#### [Data to process]
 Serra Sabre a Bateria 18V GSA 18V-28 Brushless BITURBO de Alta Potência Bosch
...
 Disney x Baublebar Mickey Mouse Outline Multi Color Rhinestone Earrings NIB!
* * *
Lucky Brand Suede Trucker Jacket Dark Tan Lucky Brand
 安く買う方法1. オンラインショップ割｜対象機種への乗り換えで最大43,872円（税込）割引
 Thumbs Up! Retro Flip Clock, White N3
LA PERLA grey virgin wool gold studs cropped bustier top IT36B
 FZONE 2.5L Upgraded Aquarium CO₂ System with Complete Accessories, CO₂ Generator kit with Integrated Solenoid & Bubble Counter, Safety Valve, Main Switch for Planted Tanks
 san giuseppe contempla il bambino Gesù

#### [How to complete this task]
Which lines above run from the one containing "安く買う方法1. オンライン" to the one containing "LA PERLA grey"? Give them again exactly, both ends included.

#### [Expected answer]
 安く買う方法1. オンラインショップ割｜対象機種への乗り換えで最大43,872円（税込）割引
 Thumbs Up! Retro Flip Clock, White N3
LA PERLA grey virgin wool gold studs cropped bustier top IT36B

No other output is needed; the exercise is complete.